British Concentration Camps|
of the South African War
Although the Ladies Committee stated that Brandfort camp was opened in March 1901, it had certainly been formed by the end of January 1901, when it was reported that there were about two hundred people living there, mainly from Bultfontein and Hoopstad. At this stage many of the Boer families were scattered through the town or living in wagons, rather than in tents. Dr Last, from the town, cared for the inmates and there was, unusually, one trained nurse.1 Some of the people living in the town were able to support themselves and the British authorities were reluctant to supply them with rations. Nor did the British want to force them into the camps - ‘bear in mind that these camps are not meant to be prisons; you must act in all cases with tact’, the Chief Superintendent warned the Brandfort superintendent. By August 1901, when Dr Kendal Franks visited the camp, everyone had been moved into tents.2
From the first, the medical officer was concerned about health in the camp. A number of small children were suffering from diarrhoea, although there had been no fatalities. Women and children slept on the ground with little protection and the doctor was concerned that they would suffer from pulmonary diseases in the wet weather. He urged the erection of corrugated iron huts with wooden floors or the provision of mattresses at the very least. But, at this early stage in the civilian administration of the camps, economy was the order of the day. Blankets would be provided only where absolutely necessary, along with mattress ticking. The women must make their own bedding with 15 lbs of hay allowed them, the MO was informed.3 Fortunately at this stage the inmates still had the cattle which they had brought into camp with them and milk was freely available for the children. Later on, however, grazing deteriorated and the refugee stock was sold to the ORC administration and removed to farms nearer to Bloemfontein,. In other respects the camp was administered very frugally and there were few comforts. Two boilers had been acquired to ensure that boiled water was available but the inmates had nothing to store water in to prevent it from becoming polluted afterwards.4
A black camp grew up alongside that of the Boers, reaching about 1 800 people by mid-April 1901; by August there were at least 4 000 inmates. In the early days, at least, black inmates received the same rations as the whites but the accommodation was much more haphazard, consisting of ‘rather poor’ tents, which some people covered with matting to make them more waterproof. No sanitation was provided and inmates had to ‘report’ to a wooded kloof a mile above the camp ‘for the purposes of nature’. In March 1901 there were still no paid officials. The camp was too far away for him to supervise properly, the superintendent complained, and he recommended that ‘Peter’ be appointed to oversee. Dr Last provided the black inmates with basic medical attention but there was no hospital accommodation for them; those needing hospital care were treated in the ambulance wagons. Fortunately there were few at this stage, the most serious being syphilitic and leprosy cases5 Clearly health in the camp was not good, however.

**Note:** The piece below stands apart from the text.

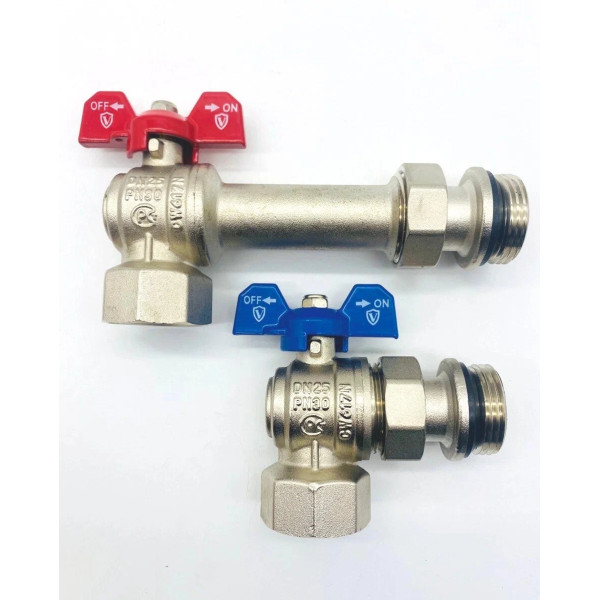 Комплект угловых шаровых кранов с сгонами 1" Vieir (VER63)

At the end of March the superintendent reported that Peter was down with fever and infant mortality was ‘rather high’. It might become necessary to appoint a white superintendent, he noted. Eventually Peter was demoted, replaced by a white superintendent, Mr Meintjes, at the derisory salary of £5 a month, previously paid to Peter. An assistant, Hendrik Khukhu, was also appointed. Children attended school in the local town location. Eventually the size of the black camp was partially reduced by returning a number of Basuto nationals to their homes in Basutoland. About September 1901 it was decided to move the black camp from Brandfort. This meant new arrangements had to be made for the men who worked in the white camp, along with their families.6
An important factor in the smooth running of the camps was good relations between the various authorities. Somewhat puzzlingly, the inspector, Mr Daller, reported that Mr Smith, the superintendent, got on well with the local officer commanding but Smith was already writing to the Chief Superintendent to complain of the OC’s interference. Despite these ripples, the camp appeared to be relatively well run at this stage. The camp was clean and those coming in from infected areas were kept in isolation, a relatively rare proceeding. Indeed, Dr Pratt Yule, the ORC MOH, considered it ‘better conducted than any I have inspected hitherto’. He was particularly impressed by the new superintendent, Mr E.J. Jacobs, and the MO, Dr Martinius.7
By the end of March 1901 numbers in the white camp were mounting and, as in other camps, people arrived without warning and tents were in short supply. Health declined and typhoid was prevalent. Hospital accommodation was inadequate and the wagons and tents were overcrowded. The new arrivals were often in a desperate state. Some had been in a Boer laager in the Hoopstad district for some months; the children were clad only in sheep skins and hides and they had been on very short rations - ‘the people almost without exception expressed their pleasure at having been taken away from the commandos’, the Chief Superintendent claimed. Pratt Yule was reluctant to send more people from infected camps like Bloemfontein but the authorities were unsympathetic. ‘Rot’, someone minuted in the margin of his report. Come they did – 3 000 arrived on 9 August 1901, in a bad state of health, with only 25 tents to accommodate them. Many of the new arrivals suffered from trachoma, an eye disease caused by flies and fairly common amongst the Dutch, the MO reported.8
One source of disease, Dr Kendal Franks was convinced, was the insanitary condition of the nearby town of Brandfort, which he considered was primitive. Much of the drinking and cooking water came from open sluits [furrows]; excrement was emptied into cesspools close to the water wells; cattle roamed the town and slaughtering of cattle took place there as well. Measles and diphtheria broke out there before the camps. In an attempt to isolate the camp, the inmates were prevented from going into town but, since the military commandant continued to issue passes, some contact was inevitable. Worse still, the military authorities sent about a hundred people from the town to the camp. Diphtheria spread to the camp by the middle of August although, fortunately, it was the one disease for which there was an effective drug therapy, known as an anti-toxin, which was provided. Measles soon followed, a result, Jacobs was convinced, of the indifference of the military to the risk of infection.9
In Brandfort camp the two graphs showing the number of people who died, and the death rate, which puts the deaths in proportion in relation to the number of people in the camp, show little difference. The primary cause of death in Brandfort camp was the very severe measles epidemic, which peaked in October 1901 and died away quite sharply after that. There is little indication of the summer typhoid epidemic which plagued a number of the camps, except amongst the adult women.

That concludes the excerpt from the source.